As a distributor, or importer, you may be looking for ways to close the payment gap at the start of your sales cycle.
Trade finance could give you the cash you need to pay your suppliers and help you fulfil customer orders, without being out of pocket for possibly weeks. Trade finance is a type of working capital finance, it could provide you with the cash you need to buy inventory or stock from a supplier.
Once you have a purchase order from a customer, trade finance can provide the funds you’ll need to buy the stock or inventory needed to fulfil the order. Which means that goods can be shipped immediately, and you won’t be left short of funds while waiting for your customer to pay you.
For example, imagine that you receive a big order from a well-established and creditworthy new customer, but you don’t have the funds to pay your supplier in advance of getting paid yourself. The trade financier will assess your business and examine the purchase order from your customer. Once they’re satisfied that everything is in order, they order the products from your supplier.
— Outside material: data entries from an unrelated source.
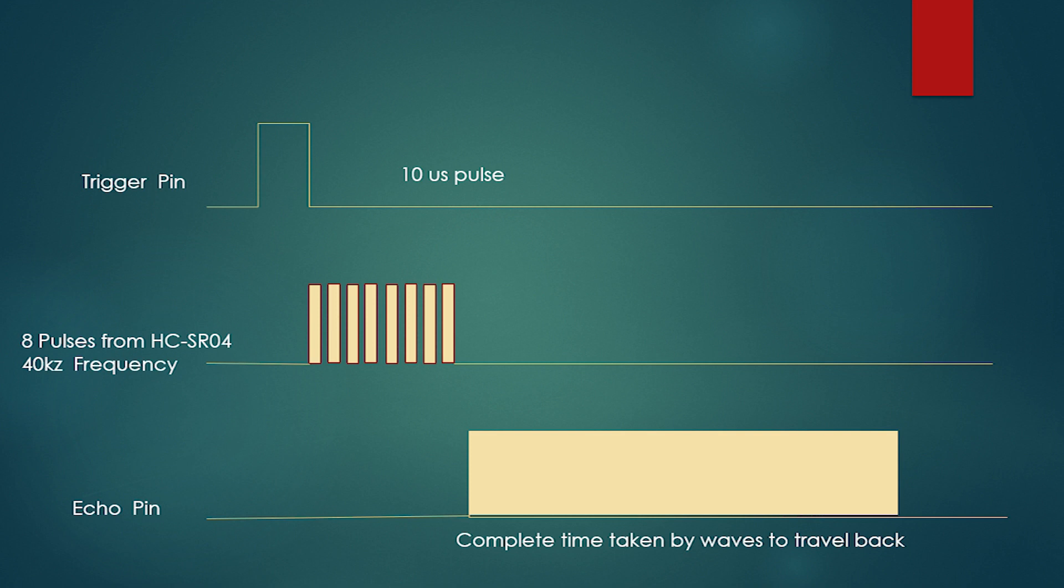However, we don't need to worry about these steps as they are well handled by a library called NewPing. We will use the NewPing library to get the distance of objects easily.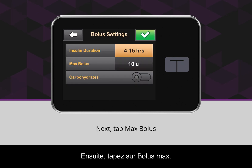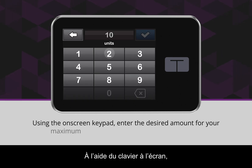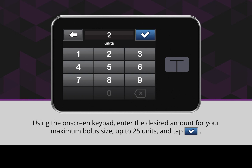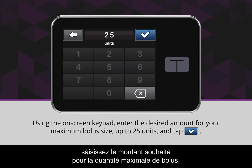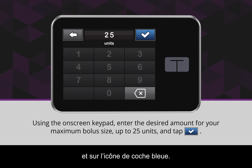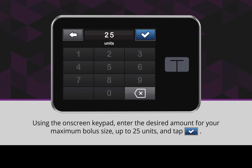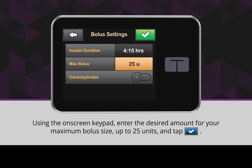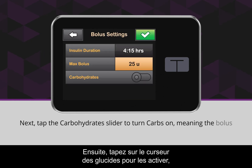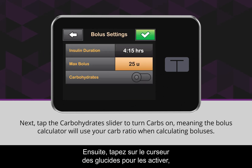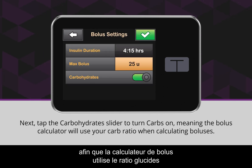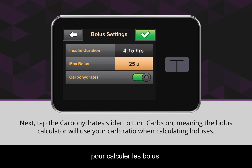Next, tap Max Bolus. Using the on-screen keypad, enter the desired amount for your maximum bolus size and tap the blue checkmark icon. Next, tap the carbohydrate slider to turn carbs on, meaning the bolus calculator will use your carb ratio when calculating boluses.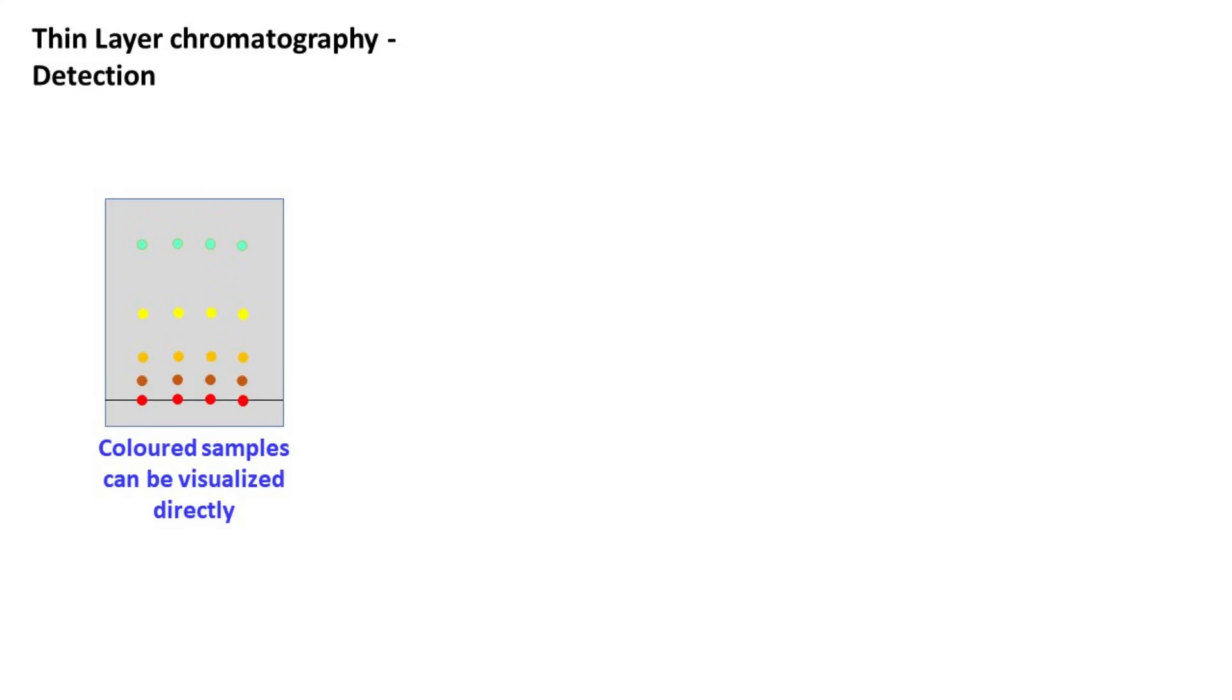However, if the sample molecules are not colored, then several other techniques are employed for their detection.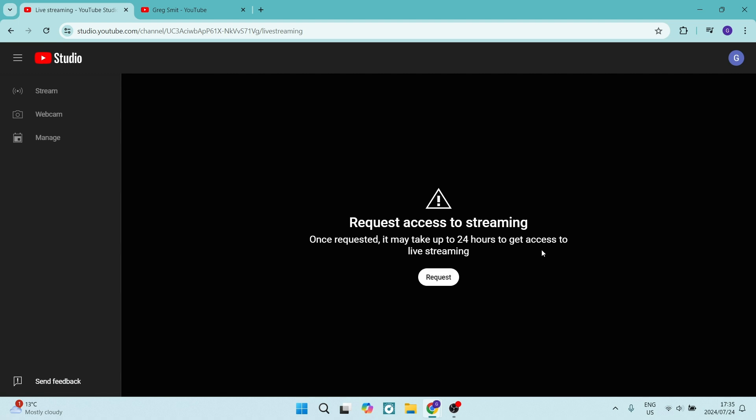You will have to wait 24 hours to gain access to live streaming, but this is where you manage all your live streams. Another thing to note is that you need 50 subscribers or more on your account. So if you have 50 subscribers, you're good to go live.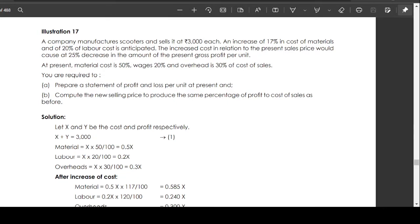Administration number 17. A company manufactures scooters and sells them at 3,000 rupees each. An increase of 17% in cost of material and 20% in labor cost is anticipated. The increased cost in relation to the present sales price would cause a 25% decrease in the amount of present gross profit per unit. Present material cost is 50%, wages is 20%, and overhead is 30% of cost of sales. You are required to prepare a statement of profit and loss per unit at present, and compute the new selling price to produce the same percentage of profit to cost of sales as before.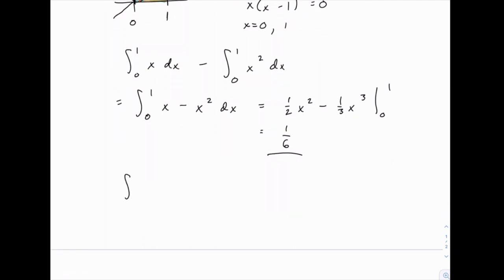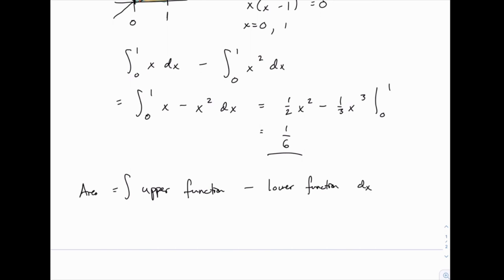The more general result is that the area between two curves is the integral of the upper function minus the lower function. When we say upper and lower, we mean the one further from y equals 0 and the one closer to it. Keep in mind that later we'll do problems turned sideways, where instead of upper and lower we might say the one further to the right versus further to the left.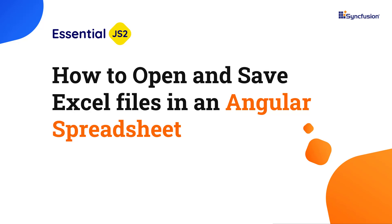Hi everyone, welcome back. In this video, I'll show you how easy it is to open and save Excel files in an Angular spreadsheet component.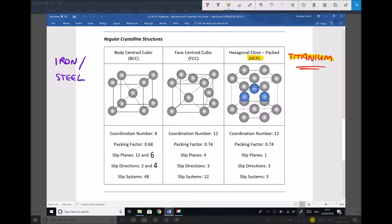HCP structures tend to be very hard as a result of the layers not being able to slide easily over each other, or more accurately, because we only have three slip systems. But when we heat titanium above 882 degrees, it actually turns into a body centre cubic structure.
With trade finance in place your supplier invoices the trade financier for the shipped goods, and is paid quickly, so the goods can be delivered earlier. Once your customer pays the trade financier they deduct their fees and pay the surplus left to you.
if you’re importing or exporting, trade finance could be a great help in managing your cashflow, it can also be used with other forms of finance that your business may have such as invoice finance or asset finance.